GIVEN MATERIAL
━━━━
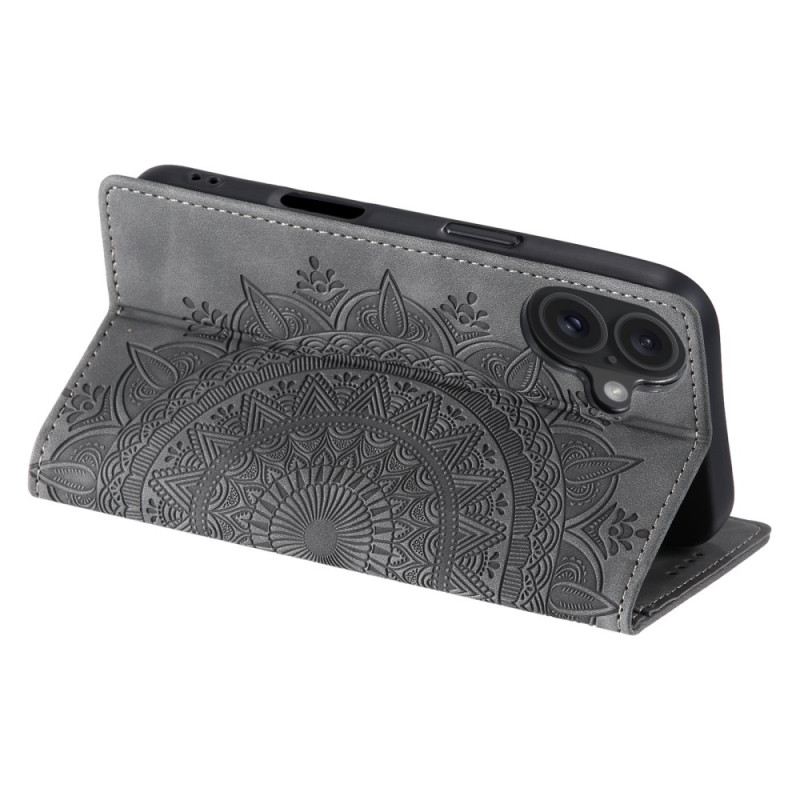 Flip Futrola iPhone 16 Plus Mandala Suede Efekt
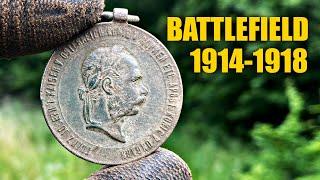 I found the War Medal WW1 Metal Detecting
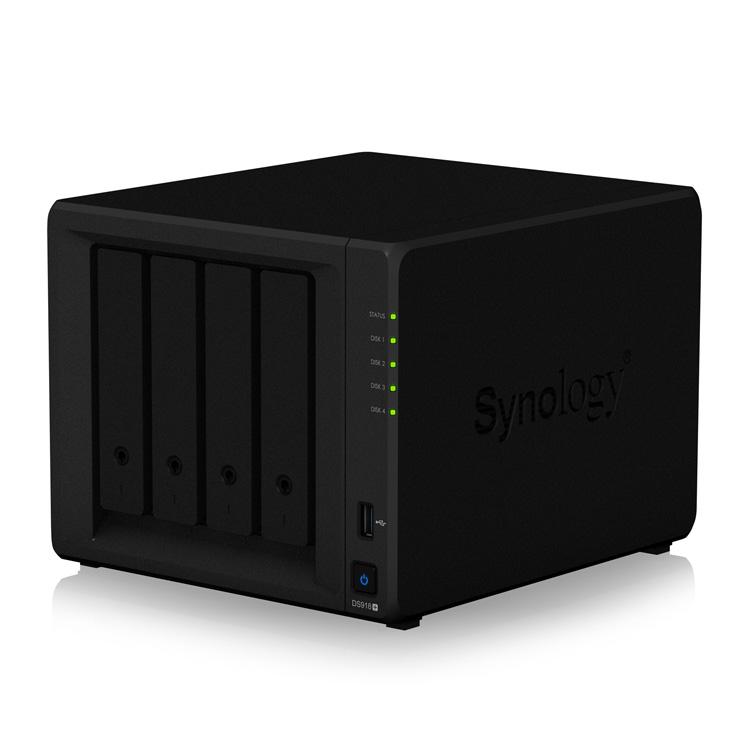 Synology 【中古】Synology DiskStation DS918+ 高性能 4ベイNAS
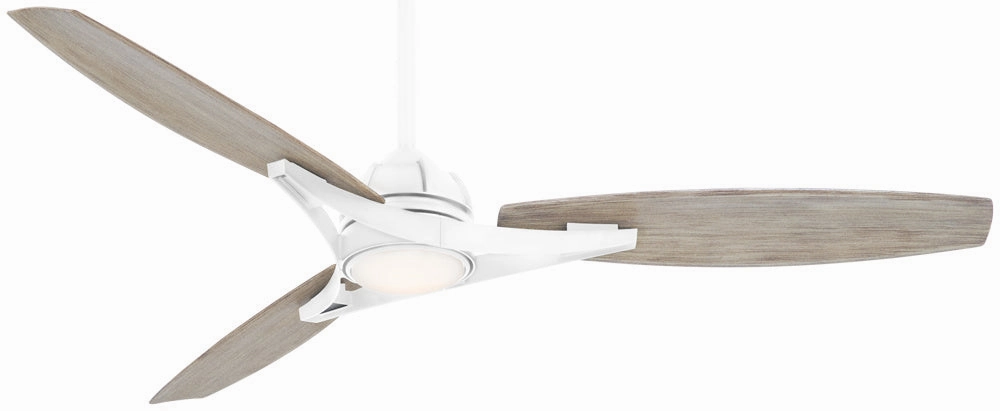 Molino Led 65"Ceiling Fan Flat White weatherproof fans for outdoor environments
━━━━
PROBLEM REQUIREMENTS
Output the material above exactly, without pictures.

ANSWER TO THE EXERCISE
 Flip Futrola iPhone 16 Plus Mandala Suede Efekt
 I found the War Medal WW1 Metal Detecting
 Synology 【中古】Synology DiskStation DS918+ 高性能 4ベイNAS
 Molino Led 65"Ceiling Fan Flat White weatherproof fans for outdoor environments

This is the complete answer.